Schlaf süß im tiefen Grabe: Kriminalroman (German Edition)
Arbeit in einer karitativen Einrichtung war für sie per se etwas Gutes. »Aber da ist ja in letzter Zeit eine Menge los«, fuhr Renate fort. »Stell dir vor, Jakob Blank ist im Stift aufgetaucht. Du weißt schon, dieser Junge, der aus der Psychiatrie abgehauen ist. Da wusste erst keiner, wer er war, und sie haben ihn im Stift wohnen lassen.«
Gertrud Hillenbäumer war sechs Jahre lang die Klassenlehrerin von Jakob Blank gewesen. Renate konnte davon ausgehen, dass sie über die Sache Bescheid wusste.
»Und Sanna … Stell dir vor, sie wollte ihn gleich mit nach Hause nehmen. Sie ist ein gutes Kind, aber manchmal übertreibt sie es mit ihrer Nächstenliebe.«
»Jakob …« Ihr Gesicht wurde nachdenklich. »Er hat bestimmt gedacht, im Stift können sie ihm helfen. Schlimme Geschichte mit dem Jungen. Ich hätte mir etwas anderes für ihn gewünscht.«
»Hast du ihn denn unterrichtet?«, fragte Renate scheinheilig. »Kennst du ihn persönlich?«
»Ja. Er hatte schon immer Probleme. Aber dass er so schwer erkrankt … Und dann noch der Ausbruch aus der Klinik. Ich mache mir wirklich Sorgen. Nun ja, er hat es nie leicht gehabt, der Junge. Das Elternhaus, die Umstände da. Er hätte mehr Förderung gebraucht. Jemand hätte sich kümmern müssen.«
Renate stutzte. Das hörte sich gar nicht nach Gertrud Hillenbäumer an. Offenbar war ihr die Verwunderung anzusehen, denn Gertruds Stimme wurde schneidend.
»Glaub nicht, dass ich nicht alles versucht hätte. Ich bin mehrmals zu den Eltern rausgefahren. Ich wollte mit ihnen über Jakob sprechen, über seine Probleme in der Schule. Zusammen überlegen, woran das liegen könnte. Daran arbeiten. Aber ich habe mir nur Abfuhren eingeholt. Einmal hab ich Jakobs Vater sogar in seiner Stammkneipe abgefangen.
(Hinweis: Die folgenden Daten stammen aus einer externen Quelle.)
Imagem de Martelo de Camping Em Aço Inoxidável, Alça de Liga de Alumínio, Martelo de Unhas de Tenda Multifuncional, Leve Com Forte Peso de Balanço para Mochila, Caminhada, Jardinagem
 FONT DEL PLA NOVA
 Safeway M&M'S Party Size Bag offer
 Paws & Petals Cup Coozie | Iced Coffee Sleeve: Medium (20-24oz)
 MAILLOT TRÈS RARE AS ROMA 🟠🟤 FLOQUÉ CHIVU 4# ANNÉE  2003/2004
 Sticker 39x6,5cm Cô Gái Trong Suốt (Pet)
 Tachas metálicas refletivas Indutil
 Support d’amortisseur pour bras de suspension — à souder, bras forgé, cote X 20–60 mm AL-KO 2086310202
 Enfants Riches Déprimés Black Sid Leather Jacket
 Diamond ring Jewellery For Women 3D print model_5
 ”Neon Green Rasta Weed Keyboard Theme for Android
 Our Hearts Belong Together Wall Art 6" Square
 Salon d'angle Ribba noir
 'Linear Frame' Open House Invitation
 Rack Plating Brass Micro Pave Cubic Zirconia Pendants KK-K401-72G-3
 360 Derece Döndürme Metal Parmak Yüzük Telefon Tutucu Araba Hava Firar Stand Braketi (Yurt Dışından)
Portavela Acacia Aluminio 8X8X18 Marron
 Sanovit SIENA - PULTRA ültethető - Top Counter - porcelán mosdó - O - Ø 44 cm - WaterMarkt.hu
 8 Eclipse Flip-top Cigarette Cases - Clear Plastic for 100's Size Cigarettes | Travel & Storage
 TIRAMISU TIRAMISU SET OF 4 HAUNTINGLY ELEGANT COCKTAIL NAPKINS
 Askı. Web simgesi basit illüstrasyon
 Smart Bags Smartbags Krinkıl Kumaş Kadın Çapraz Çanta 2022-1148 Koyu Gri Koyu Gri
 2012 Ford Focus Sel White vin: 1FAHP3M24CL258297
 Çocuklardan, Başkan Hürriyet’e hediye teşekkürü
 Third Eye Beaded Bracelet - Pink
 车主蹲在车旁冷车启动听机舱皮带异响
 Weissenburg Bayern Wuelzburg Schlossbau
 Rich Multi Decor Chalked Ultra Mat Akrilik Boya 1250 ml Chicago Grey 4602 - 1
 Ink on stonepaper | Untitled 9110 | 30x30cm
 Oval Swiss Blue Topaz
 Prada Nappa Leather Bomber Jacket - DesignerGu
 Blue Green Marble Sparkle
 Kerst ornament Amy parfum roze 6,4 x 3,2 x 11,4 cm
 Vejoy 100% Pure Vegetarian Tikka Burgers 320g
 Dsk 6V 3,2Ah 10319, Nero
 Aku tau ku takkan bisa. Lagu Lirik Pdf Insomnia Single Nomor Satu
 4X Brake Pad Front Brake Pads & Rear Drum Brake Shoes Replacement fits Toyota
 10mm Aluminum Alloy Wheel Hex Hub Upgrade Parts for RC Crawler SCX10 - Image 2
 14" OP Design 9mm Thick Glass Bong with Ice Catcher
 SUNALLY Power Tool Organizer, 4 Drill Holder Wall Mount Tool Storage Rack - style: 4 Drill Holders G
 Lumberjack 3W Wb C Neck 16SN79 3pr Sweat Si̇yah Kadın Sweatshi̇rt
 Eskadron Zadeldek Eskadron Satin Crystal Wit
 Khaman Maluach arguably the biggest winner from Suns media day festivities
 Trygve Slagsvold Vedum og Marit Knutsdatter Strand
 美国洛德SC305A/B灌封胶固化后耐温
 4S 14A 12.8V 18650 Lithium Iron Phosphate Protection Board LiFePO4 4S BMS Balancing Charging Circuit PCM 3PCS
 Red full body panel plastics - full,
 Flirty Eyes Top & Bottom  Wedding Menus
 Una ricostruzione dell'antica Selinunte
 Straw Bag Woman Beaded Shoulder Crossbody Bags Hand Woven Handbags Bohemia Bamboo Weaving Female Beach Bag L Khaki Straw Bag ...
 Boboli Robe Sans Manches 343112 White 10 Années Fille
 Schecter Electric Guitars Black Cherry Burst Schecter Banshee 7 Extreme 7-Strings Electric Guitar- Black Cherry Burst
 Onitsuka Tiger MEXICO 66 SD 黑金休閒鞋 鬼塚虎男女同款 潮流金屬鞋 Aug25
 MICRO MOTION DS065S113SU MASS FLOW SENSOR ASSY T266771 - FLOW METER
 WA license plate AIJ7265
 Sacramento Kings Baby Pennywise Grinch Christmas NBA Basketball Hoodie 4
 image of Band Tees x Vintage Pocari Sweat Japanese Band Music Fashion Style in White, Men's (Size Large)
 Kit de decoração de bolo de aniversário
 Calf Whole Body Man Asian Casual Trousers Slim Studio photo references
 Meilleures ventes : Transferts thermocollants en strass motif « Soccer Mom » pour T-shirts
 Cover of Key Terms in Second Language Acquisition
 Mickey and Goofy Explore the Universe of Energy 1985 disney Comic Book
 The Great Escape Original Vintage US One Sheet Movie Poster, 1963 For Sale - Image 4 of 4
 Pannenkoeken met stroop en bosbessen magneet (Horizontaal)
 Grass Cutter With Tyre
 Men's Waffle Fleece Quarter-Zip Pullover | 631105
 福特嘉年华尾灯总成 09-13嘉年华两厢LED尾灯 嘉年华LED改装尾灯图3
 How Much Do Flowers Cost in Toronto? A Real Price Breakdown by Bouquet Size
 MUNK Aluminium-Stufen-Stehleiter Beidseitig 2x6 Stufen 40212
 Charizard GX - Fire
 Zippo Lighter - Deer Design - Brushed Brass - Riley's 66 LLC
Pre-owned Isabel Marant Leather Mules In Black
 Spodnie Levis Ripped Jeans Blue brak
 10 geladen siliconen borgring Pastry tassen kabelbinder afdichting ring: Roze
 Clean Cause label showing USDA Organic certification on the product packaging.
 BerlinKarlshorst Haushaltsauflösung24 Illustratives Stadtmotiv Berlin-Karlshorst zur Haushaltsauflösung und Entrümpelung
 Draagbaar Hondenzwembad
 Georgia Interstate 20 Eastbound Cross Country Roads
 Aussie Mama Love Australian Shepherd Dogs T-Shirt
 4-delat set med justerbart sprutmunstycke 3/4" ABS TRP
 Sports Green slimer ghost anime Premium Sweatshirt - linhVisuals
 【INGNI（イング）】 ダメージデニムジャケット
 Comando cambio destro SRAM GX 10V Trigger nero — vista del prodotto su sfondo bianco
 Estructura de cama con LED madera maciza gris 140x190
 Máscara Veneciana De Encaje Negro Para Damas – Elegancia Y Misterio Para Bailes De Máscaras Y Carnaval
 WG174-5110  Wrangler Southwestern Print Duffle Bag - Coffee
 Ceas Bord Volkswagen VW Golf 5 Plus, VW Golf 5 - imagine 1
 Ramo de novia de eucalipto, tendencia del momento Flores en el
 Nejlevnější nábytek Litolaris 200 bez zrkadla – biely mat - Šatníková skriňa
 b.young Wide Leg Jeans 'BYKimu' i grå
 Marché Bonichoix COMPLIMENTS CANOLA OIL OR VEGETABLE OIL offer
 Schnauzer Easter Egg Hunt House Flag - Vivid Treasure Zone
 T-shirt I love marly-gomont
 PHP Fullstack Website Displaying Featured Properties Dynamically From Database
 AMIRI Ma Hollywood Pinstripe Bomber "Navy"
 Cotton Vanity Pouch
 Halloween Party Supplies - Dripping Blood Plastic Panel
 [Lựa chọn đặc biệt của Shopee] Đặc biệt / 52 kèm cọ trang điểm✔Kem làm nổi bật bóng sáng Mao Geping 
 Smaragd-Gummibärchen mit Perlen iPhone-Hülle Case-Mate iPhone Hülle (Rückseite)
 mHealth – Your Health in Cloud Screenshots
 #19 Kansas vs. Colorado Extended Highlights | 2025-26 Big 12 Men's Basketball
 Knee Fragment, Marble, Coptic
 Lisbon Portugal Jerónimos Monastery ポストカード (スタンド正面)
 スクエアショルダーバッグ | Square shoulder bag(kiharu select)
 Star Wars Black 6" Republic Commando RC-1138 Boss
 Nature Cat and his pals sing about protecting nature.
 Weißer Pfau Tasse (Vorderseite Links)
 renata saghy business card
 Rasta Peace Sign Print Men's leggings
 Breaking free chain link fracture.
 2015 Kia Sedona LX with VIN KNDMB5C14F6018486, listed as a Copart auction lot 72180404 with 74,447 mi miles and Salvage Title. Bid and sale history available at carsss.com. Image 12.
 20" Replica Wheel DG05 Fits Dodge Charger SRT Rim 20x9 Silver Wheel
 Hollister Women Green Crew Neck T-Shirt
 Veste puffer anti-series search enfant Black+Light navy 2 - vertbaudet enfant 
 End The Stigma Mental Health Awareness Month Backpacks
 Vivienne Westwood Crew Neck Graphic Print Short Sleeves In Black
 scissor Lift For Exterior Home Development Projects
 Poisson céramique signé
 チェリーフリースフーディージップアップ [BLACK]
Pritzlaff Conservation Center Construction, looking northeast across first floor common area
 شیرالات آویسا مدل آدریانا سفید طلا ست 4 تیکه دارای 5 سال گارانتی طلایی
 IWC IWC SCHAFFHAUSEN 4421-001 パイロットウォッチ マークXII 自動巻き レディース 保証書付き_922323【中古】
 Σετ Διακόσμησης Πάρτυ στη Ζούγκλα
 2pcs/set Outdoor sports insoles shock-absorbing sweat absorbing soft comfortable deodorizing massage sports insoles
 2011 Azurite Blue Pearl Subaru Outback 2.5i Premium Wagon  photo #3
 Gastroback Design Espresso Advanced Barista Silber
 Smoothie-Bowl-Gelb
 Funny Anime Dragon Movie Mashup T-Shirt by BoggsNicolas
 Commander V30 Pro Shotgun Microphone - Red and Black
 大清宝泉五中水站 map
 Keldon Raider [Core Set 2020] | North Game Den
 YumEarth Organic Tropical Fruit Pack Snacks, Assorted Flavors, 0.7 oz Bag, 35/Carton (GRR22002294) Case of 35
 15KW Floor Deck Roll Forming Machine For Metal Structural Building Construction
Ich dachte, vielleicht ist es besser, ihn in einer anderen Umgebung zu sprechen. Aber nichts. ›Lassen Sie uns in Ruhe!‹, was anderes hab ich nicht zu hören bekommen.«
»Keiner macht dir Vorwürfe, Gertrud.«
»Oh doch. Ich mache mir Vorwürfe, Renate. Aber Jakob war nicht das einzige Kind mit Problemen. Da sind noch Hundert andere, die Schwierigkeiten haben. Weil ich mir bei Jakob nicht zu helfen wusste, habe ich schließlich das Jugendamt eingeschaltet. Aber die haben nur Dienst nach Vorschrift gemacht. Haben bei den Blanks angerufen und ihre Hilfe angeboten. Und das war’s.«
Ihr Gesicht verhärtete sich und nahm einen abweisenden Ausdruck an. Nur wer sie gut genug kannte, wusste, dass sie damit Bekümmerung ausdrückte.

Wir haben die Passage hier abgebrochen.